Pity Party

  

Yoda driving a speeder of Jake’s creation
  
It’s not fair. It’s not fair that my autistic kid doesn’t understand the difference between squirting the adults with water guns and dumping a bucket of water on his uncle’s lap and therefore phone. But even more than that, it’s not fair that when it sprays back on him he gets totally overwhelmed and overreacts. He ends up enraged, embarrassed, and confused about what went wrong. That’s not fair.

I want to hold him and comfort him and explain to him what went wrong. I want it to make sense and for him to be brave enough to try to squirt his uncle again. I want him to have fun and have it not be complicated by autism. I see his struggles and it is so hard for me. I just love him so much. He’s so amazing. It’s not fair.

I get sad sometimes. I get sad when I see him sad or angry. Boy, was he angry. He told his uncle, “I don’t want you to come to my sixth birthday, or my seventh. You can come to my eighth, but I will frown at you every time I see you!” Adorable, hilarious, and furious. It makes my heart hurt. I hate it when he loses control and feels like the world is wrong.  

It’s not fair.

It’s also not fair that he can’t keep his hands off of me when we are next to each other. He loves me so much. It’s so sweet, and so full of love and heart. It is too much, however, when I am trying to eat, or feed Penny. It’s too much, when he crawls under my skirt in the church foyer. He can hardly handle me touching him, and my hugs are so gentle, but he is all over me.  

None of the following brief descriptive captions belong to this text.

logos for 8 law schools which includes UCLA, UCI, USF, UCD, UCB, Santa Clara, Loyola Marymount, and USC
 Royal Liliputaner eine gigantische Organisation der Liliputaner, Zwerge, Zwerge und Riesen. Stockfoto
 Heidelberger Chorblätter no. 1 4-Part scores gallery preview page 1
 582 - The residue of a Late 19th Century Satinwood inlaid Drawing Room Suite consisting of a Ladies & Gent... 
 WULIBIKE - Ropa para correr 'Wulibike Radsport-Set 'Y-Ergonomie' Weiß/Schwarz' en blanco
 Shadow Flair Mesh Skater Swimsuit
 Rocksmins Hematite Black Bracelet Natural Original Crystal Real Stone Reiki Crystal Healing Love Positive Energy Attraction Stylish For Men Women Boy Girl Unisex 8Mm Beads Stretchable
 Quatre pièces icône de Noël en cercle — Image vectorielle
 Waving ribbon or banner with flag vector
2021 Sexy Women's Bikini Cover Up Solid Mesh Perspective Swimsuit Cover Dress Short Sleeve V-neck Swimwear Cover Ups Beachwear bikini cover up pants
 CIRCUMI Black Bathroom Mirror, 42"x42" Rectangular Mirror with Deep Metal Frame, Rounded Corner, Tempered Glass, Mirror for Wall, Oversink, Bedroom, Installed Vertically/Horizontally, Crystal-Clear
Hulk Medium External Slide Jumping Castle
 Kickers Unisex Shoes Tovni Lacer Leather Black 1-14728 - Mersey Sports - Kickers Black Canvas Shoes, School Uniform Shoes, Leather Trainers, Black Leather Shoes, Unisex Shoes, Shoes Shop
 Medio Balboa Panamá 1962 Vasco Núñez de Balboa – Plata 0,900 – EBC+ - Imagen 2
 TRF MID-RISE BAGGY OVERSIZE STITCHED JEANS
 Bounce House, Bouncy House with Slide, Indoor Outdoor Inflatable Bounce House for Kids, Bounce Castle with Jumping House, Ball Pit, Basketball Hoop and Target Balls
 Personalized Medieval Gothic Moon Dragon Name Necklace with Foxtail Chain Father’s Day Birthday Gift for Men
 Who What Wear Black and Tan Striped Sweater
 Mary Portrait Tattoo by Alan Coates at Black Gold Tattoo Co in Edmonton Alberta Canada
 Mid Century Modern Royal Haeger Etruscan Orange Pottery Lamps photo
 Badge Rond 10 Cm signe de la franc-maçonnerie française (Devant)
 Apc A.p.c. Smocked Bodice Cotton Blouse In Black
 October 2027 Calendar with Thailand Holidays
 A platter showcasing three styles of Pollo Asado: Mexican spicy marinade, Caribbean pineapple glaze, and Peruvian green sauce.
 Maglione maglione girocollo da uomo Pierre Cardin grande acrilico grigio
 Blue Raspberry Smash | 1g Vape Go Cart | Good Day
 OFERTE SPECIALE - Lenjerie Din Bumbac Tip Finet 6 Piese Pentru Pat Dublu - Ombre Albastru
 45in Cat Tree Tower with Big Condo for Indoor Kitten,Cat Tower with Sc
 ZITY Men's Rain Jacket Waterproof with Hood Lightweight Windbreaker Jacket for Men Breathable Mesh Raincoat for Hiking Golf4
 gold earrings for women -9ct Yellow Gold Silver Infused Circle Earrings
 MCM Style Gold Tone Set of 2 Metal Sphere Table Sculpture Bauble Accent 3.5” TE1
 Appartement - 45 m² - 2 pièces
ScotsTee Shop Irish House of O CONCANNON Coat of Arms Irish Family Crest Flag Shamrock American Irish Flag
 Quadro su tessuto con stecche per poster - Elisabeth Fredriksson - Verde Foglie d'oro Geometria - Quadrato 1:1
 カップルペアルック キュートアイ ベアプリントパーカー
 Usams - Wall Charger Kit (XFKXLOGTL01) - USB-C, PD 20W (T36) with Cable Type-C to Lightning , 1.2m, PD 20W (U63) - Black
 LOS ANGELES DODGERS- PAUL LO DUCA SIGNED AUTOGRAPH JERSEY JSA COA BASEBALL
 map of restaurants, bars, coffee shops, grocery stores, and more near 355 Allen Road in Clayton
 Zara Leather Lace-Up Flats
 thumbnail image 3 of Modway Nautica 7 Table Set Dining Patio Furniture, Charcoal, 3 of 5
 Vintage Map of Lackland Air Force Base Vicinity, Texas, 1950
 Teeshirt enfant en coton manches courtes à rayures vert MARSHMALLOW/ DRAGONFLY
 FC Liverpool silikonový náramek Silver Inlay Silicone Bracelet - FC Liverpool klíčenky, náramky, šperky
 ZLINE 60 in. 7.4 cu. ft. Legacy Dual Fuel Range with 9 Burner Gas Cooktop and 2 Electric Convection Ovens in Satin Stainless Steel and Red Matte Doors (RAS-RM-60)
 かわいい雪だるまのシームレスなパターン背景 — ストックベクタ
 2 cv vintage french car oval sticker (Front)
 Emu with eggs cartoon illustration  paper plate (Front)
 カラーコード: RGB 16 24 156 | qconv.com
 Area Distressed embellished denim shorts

It feels like a weight, like a heavy burden that he carries. Being autistic, being overwhelmed, being stressed, being strung out with adrenaline all of the day. It is heavy on my heart. I feel so guilty, for all the times I didn’t know he was autistic and I reacted poorly or too severely to his meltdowns. I wish I had known sooner, that I could have understood more sooner. I know I would have handled things differently. I just did my best, but it really wasn’t good enough.

Okay, pity party over. I will be stronger. I will be kinder. I will be smarter. I will be what he needs. I will figure this out.